Les allié-e-s doivent donc adopter une approche « ne pas nuire » dans leurs interventions, en reconnaissant les limites de leurs connaissances et en privilégiant une posture humble et attentive. Les allié-e-s doivent écouter les voix locales, comprendre leurs priorités, et agir pour soutenir les stratégies développées par les activistes eux-mêmes, plutôt que de chercher à imposer des solutions externes.

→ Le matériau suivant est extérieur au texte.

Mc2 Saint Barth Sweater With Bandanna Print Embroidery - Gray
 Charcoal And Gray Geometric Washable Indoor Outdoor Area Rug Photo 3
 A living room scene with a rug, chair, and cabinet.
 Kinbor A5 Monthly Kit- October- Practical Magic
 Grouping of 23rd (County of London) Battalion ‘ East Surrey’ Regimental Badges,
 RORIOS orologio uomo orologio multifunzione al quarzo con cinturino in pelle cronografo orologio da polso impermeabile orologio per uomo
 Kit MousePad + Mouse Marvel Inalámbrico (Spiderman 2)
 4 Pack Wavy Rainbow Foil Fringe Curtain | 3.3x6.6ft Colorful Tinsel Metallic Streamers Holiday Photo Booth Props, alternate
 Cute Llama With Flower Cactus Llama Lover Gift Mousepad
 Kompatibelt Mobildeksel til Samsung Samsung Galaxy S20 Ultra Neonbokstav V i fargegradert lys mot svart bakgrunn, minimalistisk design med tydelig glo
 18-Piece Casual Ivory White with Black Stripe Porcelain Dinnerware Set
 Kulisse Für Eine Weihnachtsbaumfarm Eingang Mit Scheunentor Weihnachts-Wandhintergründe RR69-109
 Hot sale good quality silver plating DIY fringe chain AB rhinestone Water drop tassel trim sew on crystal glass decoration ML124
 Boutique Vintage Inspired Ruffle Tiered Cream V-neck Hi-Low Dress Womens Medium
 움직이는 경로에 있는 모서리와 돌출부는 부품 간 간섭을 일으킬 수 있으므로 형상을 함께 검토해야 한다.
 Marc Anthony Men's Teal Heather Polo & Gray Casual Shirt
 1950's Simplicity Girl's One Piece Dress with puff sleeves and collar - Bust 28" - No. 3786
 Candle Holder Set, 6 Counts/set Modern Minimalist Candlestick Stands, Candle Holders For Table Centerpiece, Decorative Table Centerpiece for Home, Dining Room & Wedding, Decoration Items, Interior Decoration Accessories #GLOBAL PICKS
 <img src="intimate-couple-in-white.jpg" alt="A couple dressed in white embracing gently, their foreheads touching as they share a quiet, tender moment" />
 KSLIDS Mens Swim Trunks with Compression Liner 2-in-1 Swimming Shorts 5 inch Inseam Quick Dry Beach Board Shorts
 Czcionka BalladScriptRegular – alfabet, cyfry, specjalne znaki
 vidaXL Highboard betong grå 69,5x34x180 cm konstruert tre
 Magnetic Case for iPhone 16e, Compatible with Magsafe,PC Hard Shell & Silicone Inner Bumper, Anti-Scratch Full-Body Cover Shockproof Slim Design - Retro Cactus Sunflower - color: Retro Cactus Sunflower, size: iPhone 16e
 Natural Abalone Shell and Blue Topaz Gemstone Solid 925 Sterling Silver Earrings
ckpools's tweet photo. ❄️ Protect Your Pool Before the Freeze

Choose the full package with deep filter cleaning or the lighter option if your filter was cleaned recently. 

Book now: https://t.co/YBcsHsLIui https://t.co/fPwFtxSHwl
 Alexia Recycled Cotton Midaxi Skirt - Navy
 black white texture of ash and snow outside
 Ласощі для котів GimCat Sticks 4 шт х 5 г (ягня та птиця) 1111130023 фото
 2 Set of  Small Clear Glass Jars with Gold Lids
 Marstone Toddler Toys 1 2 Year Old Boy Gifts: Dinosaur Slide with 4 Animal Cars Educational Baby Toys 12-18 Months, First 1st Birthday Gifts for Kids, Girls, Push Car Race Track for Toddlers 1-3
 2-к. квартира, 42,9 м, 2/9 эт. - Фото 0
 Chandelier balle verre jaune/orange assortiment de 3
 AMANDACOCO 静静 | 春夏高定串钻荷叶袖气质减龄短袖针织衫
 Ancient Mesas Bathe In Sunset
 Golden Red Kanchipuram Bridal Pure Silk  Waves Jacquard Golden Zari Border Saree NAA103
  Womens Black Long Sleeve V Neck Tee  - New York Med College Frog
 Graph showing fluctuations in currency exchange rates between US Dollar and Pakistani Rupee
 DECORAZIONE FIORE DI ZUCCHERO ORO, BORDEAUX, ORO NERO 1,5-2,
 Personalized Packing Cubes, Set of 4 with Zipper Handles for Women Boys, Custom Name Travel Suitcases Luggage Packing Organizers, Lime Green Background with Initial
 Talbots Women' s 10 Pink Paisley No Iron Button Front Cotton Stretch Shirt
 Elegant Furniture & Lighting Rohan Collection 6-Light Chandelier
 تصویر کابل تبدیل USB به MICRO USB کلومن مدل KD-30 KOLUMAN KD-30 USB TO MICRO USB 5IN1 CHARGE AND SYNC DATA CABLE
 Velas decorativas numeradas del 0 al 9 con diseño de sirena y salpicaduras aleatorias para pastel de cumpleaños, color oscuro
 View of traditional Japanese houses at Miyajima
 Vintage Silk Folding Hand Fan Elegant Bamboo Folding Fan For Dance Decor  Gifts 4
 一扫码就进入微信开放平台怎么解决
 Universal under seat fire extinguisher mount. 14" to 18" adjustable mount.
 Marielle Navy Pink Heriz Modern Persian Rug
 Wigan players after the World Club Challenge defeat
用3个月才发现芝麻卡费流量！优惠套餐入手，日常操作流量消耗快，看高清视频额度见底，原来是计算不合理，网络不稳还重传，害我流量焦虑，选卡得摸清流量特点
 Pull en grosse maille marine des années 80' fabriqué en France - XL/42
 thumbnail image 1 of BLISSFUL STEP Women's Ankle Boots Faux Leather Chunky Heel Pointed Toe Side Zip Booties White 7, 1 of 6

Conclusion : Un appel à une alliance fondée sur des principes
La situation en Palestine requiert une alliance fondée sur des principes forts, qui dépasse les gestes symboliques ou le soutien superficiel. Pour la communauté FPS, cela signifie s’engager à amplifier les voix palestiniennes, à protéger les bâtisseur-euse-s locaux de la paix, et à respecter leur leadership. Il s’agit de trouver un équilibre délicat entre le plaidoyer et l’humilité – reconnaître quand il est temps de se retirer pour laisser les activistes locaux prendre la tête, tout en utilisant les plateformes internationales pour soutenir leurs efforts.
Alors que le génocide contre les Palestinien-nes se poursuit, le rôle des allié-e-s reste indispensable. La communauté FPS doit prendre des mesures concrètes pour soutenir la justice et la responsabilité, comme en appuyant les procédures en cours, notamment le cas porté devant la Cour internationale de Justice (CIJ) par l’Afrique du Sud. En se concentrant sur des mesures tangibles, la communauté FPS peut réellement contribuer à la remise en question des structures d’oppression, tout en assurant la responsabilité face aux violations de droits. Il est important de rappeler que l’engagement ne peut se limiter aux mots : des actions concrètes et une pression continue doivent être exercées sur les gouvernements pour qu’ils prennent des mesures en faveur d’une paix juste et durable pour les palestinien-ne-s.
Cet article de blogue est une adaptation du chapitre « The Role of Allyship in the WPS Community Amid the Genocide in Palestine » (texte original en anglais) publié par le Réseau Femmes, Paix et Sécurité-Canada (WPSN-C) en octobre 2024. Son contenu a été développé en collaboration avec des activistes au Moyen-Orient qui souhaitent demeurer anonymes pour des raisons de sécurité.
Katrina Leclerc, candidate au doctorat en études de conflits à l’Université Saint-Paul d’Ottawa, présidente du Réseau Femmes, Paix et Sécurité-Canada (WPSN-C) et ancienne directrice de programmes au sein du Réseau mondial des femmes bâtisseuses de la paix (GNWP).